When we speak of our Lord’s incarnation, we refer to the fact that He became Man – became Man without ceasing to be God. His Incarnation is a miracle, a unique miracle; nothing of the sort has ever happened before or since. It would not be surprising if something of its miraculous character were mani­fested in the means by which it took place. And the witness of the New Testament is that it did take place by miraculous means, for our Lord, as the ancient creed puts it, ‘was con­ceived by the Holy Ghost, born of the Virgin Mary’.

We should indeed keep our Lord’s incarnation and His virgin birth distinct in our minds. His incarnation is the fact that He became Man; His virgin birth is the means by which He became Man. There are people who accept the incarnation but deny the virgin birth, just as there are others (Muslims, for example) who accept His virgin birth but deny the incarnation. God could, had He so willed, have adopted some other means for sending His Son into the world as Man. But the testimony of holy Scripture is that the virgin birth was the means which He adopted, and to accept the one while denying the other is to put asunder two things which God has joined together. And it may well be asked whether those who accept the incarnation while denying the virgin birth really believe in the same kind of incarnation as do those who accept both.

There is certainly a fitness in the virgin birth as the means of the incarnation. Our Lord came forth from God in a sense in which no one else ever did; does it not follow that He came forth from God in a way in which no one else ever did? (This way of putting it is not original; it comes from James Denney.) Besides, as we trace the Christian faith back to its foundations, we find the two doctrines – the fact of the incarnation and the virgin birth as the means of the incarna­tion – held side by side. The fact and the means alike are miraculous through and through. It is irrelevant, and indeed impossible, to give any explanation of the virgin birth in terms of biological parthenogenesis; it cannot be brought within the framework of any natural process. Here God is supremely at work, and the only human agency was that of the submissive maiden of Nazareth who said; ‘Behold, the handmaid of the Lord; be it unto me according to thy word’, Luke 1. 38.
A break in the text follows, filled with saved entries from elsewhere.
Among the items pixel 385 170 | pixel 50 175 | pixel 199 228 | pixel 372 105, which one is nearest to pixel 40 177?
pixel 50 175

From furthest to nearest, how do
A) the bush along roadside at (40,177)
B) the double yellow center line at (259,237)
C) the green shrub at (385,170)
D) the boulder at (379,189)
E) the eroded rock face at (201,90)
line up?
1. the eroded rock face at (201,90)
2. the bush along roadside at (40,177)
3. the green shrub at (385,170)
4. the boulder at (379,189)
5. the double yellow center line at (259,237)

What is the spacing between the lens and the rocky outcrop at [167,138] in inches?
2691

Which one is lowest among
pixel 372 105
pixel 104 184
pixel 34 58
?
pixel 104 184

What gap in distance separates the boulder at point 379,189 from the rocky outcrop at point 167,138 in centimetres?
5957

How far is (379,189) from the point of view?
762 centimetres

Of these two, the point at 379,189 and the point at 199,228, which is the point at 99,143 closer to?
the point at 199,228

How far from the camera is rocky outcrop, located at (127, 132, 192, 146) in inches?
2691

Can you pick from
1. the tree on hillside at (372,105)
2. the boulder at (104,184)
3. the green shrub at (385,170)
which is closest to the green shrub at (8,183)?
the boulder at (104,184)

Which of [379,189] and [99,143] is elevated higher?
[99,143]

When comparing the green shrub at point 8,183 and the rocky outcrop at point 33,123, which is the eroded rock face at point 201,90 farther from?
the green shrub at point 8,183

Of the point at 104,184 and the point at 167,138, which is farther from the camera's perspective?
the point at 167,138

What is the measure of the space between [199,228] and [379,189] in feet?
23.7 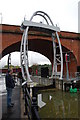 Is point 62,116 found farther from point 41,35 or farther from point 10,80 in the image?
point 41,35

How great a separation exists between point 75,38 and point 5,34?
10413 millimetres

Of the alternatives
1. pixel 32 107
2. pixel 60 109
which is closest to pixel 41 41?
pixel 60 109

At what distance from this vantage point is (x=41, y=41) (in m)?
21.3

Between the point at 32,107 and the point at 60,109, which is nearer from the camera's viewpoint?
the point at 32,107

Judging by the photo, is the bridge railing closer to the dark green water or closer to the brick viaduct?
the dark green water

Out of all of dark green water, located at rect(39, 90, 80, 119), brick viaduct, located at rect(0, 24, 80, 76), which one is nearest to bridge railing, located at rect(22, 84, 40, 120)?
dark green water, located at rect(39, 90, 80, 119)

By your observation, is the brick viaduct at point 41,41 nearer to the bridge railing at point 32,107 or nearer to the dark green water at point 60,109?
the dark green water at point 60,109

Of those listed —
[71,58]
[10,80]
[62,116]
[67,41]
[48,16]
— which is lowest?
[62,116]

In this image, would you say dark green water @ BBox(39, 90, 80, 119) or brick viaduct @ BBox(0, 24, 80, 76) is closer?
dark green water @ BBox(39, 90, 80, 119)

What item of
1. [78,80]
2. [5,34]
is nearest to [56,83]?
[78,80]

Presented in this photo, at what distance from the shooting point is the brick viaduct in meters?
18.5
But for those to whom the holy Scriptures are the ultimate authority, the virgin birth is amply attested as the means by which the eternal Word became flesh. Matthew and Luke both bear witness to it, and there is no alternative account in all the Scriptures. Matthew and Luke’s accounts of our Lord’s nativity are completely independent; there is no question of one having drawn upon the other. Indeed, so independent are they that well-known problems arise for those who try to dove­tail the details of the two narratives together. All the more impressive, then, are those points on which the two agree. Of these points three demand special mention: a. our Lord was born in Bethlehem; b. He was born to Mary, who was be­trothed to a member of the family of David named Joseph; c. He was conceived within her while she was yet a virgin, by the supernatural working of the Holy Spirit. Of these three points of agreement it is the third that constitutes the miracle.
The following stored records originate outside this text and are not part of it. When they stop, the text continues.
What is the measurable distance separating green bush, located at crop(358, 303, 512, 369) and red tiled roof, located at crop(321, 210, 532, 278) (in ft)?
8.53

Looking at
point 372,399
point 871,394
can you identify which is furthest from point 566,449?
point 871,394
The Scriptures testify to Christ. Apart from their testimony, our knowledge of Him would be infinitesimal, and our know­ledge of the way of salvation through faith in Him would be non-existent. Moreover, their testimony concerning Him is one and self-consistent. The Christ to whom they bear witness as our Saviour and Lord is a supernatural Christ and yet an intensely human Christ, Son of God and Son of Man. None ever lived or died as He did; none ever rose from the dead as He did. The course of His life on earth was unique, the con­summation of His life on earth was unique; it is but fitting that the beginning of His life on earth should have been unique. And unique it was, for the Christ to whom the Scriptures bear witness is the virgin-born Christ.

‘Christ, the Son of God, became man, by taking to Himself a true body, and a reasonable soul, being conceived by the power of the Holy Ghost, in the womb of the Virgin Mary, and born of her, yet without sin.’ - Westminster Shorter Catechism, Answer 22.